The war and the depression make evident marks on the family and the novel as a whole, providing a rather dismal background to an already dismal book. Scott's siblings, Howard and Patsy, are raised by hired help, while the parents, Maeve and Vern, seek emotional validation through extramarital affairs, no longer content with just each other. O'Connor captures perfectly the pure, wide-eyed exploration of youth as well as she does the complex interplay between a conflicted marriage. When one might normally overlook or misinterpret what characters want to say but cannot, or what they try to veil from one another, the author's incredibly basic, yet powerful erudition of passion and feeling provides for a clear, clean understanding.

Her imagery is equally strong.
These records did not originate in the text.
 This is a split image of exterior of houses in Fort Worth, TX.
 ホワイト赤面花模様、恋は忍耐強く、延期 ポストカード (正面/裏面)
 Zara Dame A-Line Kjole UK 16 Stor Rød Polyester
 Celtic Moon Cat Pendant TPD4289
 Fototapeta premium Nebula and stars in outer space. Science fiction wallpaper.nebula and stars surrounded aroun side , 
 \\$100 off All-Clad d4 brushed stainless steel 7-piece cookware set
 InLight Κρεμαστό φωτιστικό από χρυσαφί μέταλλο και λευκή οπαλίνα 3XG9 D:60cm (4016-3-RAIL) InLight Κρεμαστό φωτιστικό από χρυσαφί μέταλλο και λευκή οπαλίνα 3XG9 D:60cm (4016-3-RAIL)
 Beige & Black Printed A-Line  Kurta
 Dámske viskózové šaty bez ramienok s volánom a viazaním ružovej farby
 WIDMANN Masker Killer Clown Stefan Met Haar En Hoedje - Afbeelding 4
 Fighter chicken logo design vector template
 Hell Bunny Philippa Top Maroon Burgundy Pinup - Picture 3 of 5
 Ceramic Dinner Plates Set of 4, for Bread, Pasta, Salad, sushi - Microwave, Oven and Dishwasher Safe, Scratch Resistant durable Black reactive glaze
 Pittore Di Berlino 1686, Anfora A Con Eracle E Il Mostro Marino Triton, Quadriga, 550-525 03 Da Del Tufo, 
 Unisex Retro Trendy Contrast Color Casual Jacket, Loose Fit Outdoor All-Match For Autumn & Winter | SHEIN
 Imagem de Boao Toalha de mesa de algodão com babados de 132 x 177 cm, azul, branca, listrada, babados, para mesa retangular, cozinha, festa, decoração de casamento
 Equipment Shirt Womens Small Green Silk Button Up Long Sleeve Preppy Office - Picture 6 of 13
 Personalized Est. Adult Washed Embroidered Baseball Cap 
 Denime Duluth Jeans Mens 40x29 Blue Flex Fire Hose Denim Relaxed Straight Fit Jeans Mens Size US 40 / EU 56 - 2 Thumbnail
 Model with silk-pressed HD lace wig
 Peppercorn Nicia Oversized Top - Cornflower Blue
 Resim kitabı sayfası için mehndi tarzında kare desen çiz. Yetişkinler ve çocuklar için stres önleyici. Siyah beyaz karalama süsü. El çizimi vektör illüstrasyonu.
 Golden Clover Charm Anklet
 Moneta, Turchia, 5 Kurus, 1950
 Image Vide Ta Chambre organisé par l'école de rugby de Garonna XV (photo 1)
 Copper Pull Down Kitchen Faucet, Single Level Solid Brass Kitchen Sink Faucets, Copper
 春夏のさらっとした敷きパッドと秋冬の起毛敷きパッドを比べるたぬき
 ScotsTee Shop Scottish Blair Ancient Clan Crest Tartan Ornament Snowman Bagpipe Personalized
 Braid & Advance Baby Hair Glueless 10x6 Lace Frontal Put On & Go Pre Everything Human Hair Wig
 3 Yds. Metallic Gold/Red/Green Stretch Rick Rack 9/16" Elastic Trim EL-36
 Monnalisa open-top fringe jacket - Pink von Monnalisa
She is straightforward about the way she reveals her details, even to the point of using short and choppy sentences to correspond with important, intense descriptions; but, at the same time, she appreciates the little details, which gives it a sense of reality. She does not forget to describe the objects on a table, Maeve's hair, a character's home, and so forth - little gems that gives the story a feeling of deeper intimacy.

Each individual in the family progressively reveals his or her characters by memory and flashbacks, reflecting on previous actions and their own history, reckoning their faults and qualities or hopes and fears, but all through O'Connor's objective, omniscient observations. "That's what people did, carefully built up their lives, their homes over years, over generations, and tore them to pieces," writes O'Connor, in painfully poignant reflection.

O'Connor seems to have hit upon a perfect balance in her book. The characters seem like true human beings, the descriptive poetry of her writing is entrancing, the openness of her dialogue provides for a simple yet revealing manner of speaking, and her voice is emotional, pure and free. This novel is certainly worth reading for that, if not for the incredible story that goes along with it.